EL JUEGO DE LA NOVELA
Fiscal muere (Interzona) alude a un suceso que Valenzuela no necesita nombrar porque es de conocimiento público: el suicidio de Alberto Nisman y las teorías conspirativas que instalaron la versión de un asesinato y sostienen tramas inverosímiles contra todas las evidencias. Y la apuesta es ambiciosa: intervenir en el debate desde la ficción, plantear una historia que ilumine la verdad encubierta bajo el supuesto magnicidio.
La novela pone en escena a Santiago Masachesi, un comisario que decidió retirarse de la Policía Federal al quedar desplazado de las investigaciones criminales por la aparición de los fiscales. Masachesi es un personaje estrafalario para sus colegas, alguien que se deja llevar por la imaginación y no resulta creíble, y también un raro para la literatura policial: su detective preferido es Miss Marple, el personaje de Agatha Christie que resuelve casos de modo afable y sin estridencias.
El modelo remite a las lecturas y a un deseo de la adolescencia: Masachesi quiso ser un profesor de Letras y no pudo porque el padre se lo prohibió.
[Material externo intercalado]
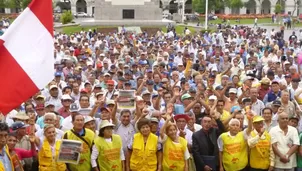 Video: América Noticias / Foto: fonavistadelperu.com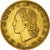 Münze, Italien, 20 Lire, 1957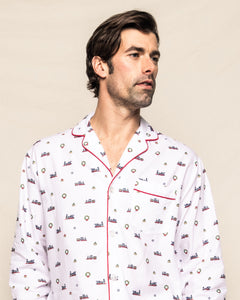 Men’s Arctic Express Pajama Set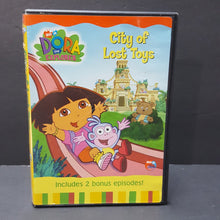 Load image into Gallery viewer, Dora: City of lost toys-Episode
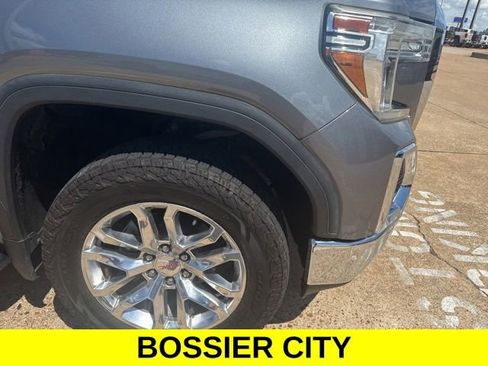 Used 2020 GMC Sierra 1500 SLT AWD/4WD image 4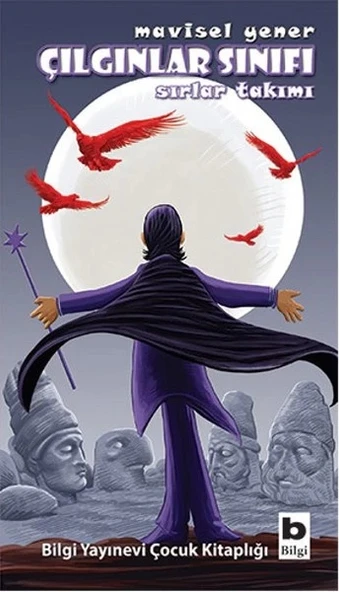 Çılgınlar Sınıfı - Sırlar Takımı ürün görseli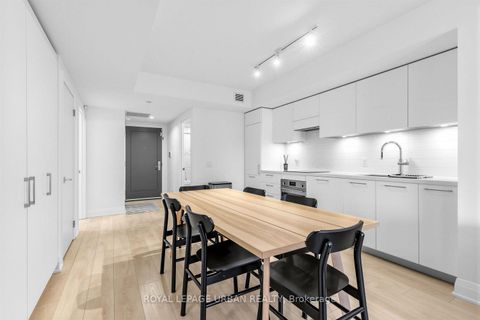 Photo 4 at 505 - 33 Frederick Todd Way, Thorncliffe Park, Toronto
Lector de novelas del género, convertirse en policía fue una salida pero también una frustración que arrastró durante años hasta que se reencuentra con Teldi, su primera novia. “Masachesi surgió por generación espontánea –recuerda Valenzuela-. Escribo cuentos y novelas sin plan previo, y algunos personajes van surgiendo por imposición de la trama que avanza y otros llegan de golpe, inesperados. A estos los llamo personajes intrusos. Suelen resolver los intríngulis en los que me meto desde la ficción”.
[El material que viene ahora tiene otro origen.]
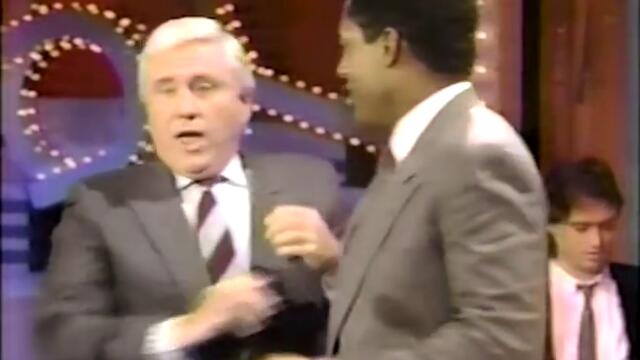 Jack Sheldon & Jon Faddis battle it out on "Cottontail". 1985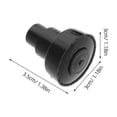 thumbnail image 2 of WHAMVOX 1 Set Fountain Nozzle Plastic with Elegant Design for Indoor and Outdoor Use, 2 of 8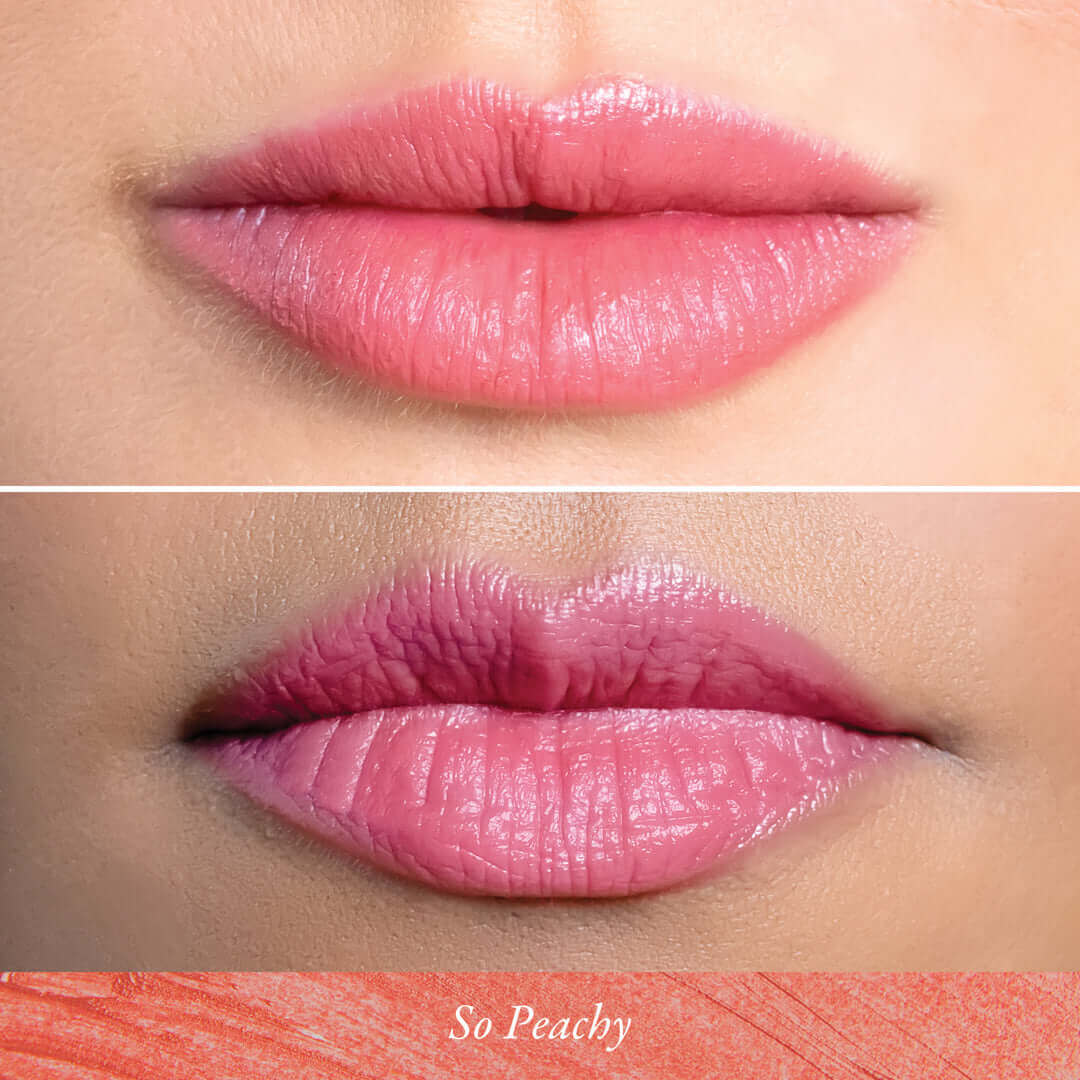 Silky Pout Creamy Lip Chubby - PÜR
Teldi sigue otro modelo singular –el de la filósofa mística Edith Stein- y es una escritora aficionada. La segunda parte de Fiscal muere consiste en una novela fragmentaria e inconclusa que da a leer a Masachesi, donde la literatura se le revela como una materia escurridiza porque “siempre estás tratando de asir el significado que late entre las palabras y asoma apenas sus narices para escabullirse casi de inmediato y reaflorar en otro punto”. Las preguntas y las incertidumbres que atraviesan al texto hacen del personaje una máscara de la propia Valenzuela, ya que pueden reconocerse algunas de sus ideas al respecto: “a la novela se juega dejando suelta la mano”, afirma, y “la secreta cocción de la historia” no tiene recetas, escribir es perseguir un misterio a la deriva, guiada “por una brújula interna para nada confiable”.
En retribución a ese relato el comisario retirado pasa a contar su caso más importante y menos conocido. “Masachesi tiene vida propia, cierta mañana de junio me regaló la tercera opción sobre el ´misterio’ de la emblemática muerte en un cuarto de baño inaccesible”, dice Valenzuela en alusión al suceso de Nisman. El punto de partida es lo que viene de la literatura policial, no porque la muerte del fiscal pueda asociarse en principio al enigma del cuarto cerrado sino por lo que se consigue, “el atisbo de verdad que puede alcanzar toda narrativa bien estructurada”. La resolución de un intríngulis que mantiene el suspenso como se debe.
CALDO DE CULTURA
Se supone que la práctica del periodismo puede ser un lugar de aprendizaje para los escritores, su iniciación en el arte de narrar. “Sí y no”, aclara Valenzuela, que reconoce la proyección del oficio en su trabajo con el género del micro relato. “El periodismo bien entendido se nutre o debería nutrirse de datos fehacientes mientras que la literatura se sumerge en lo no dicho y hurga en el secreto; de ahí la mirada vertical”, explica.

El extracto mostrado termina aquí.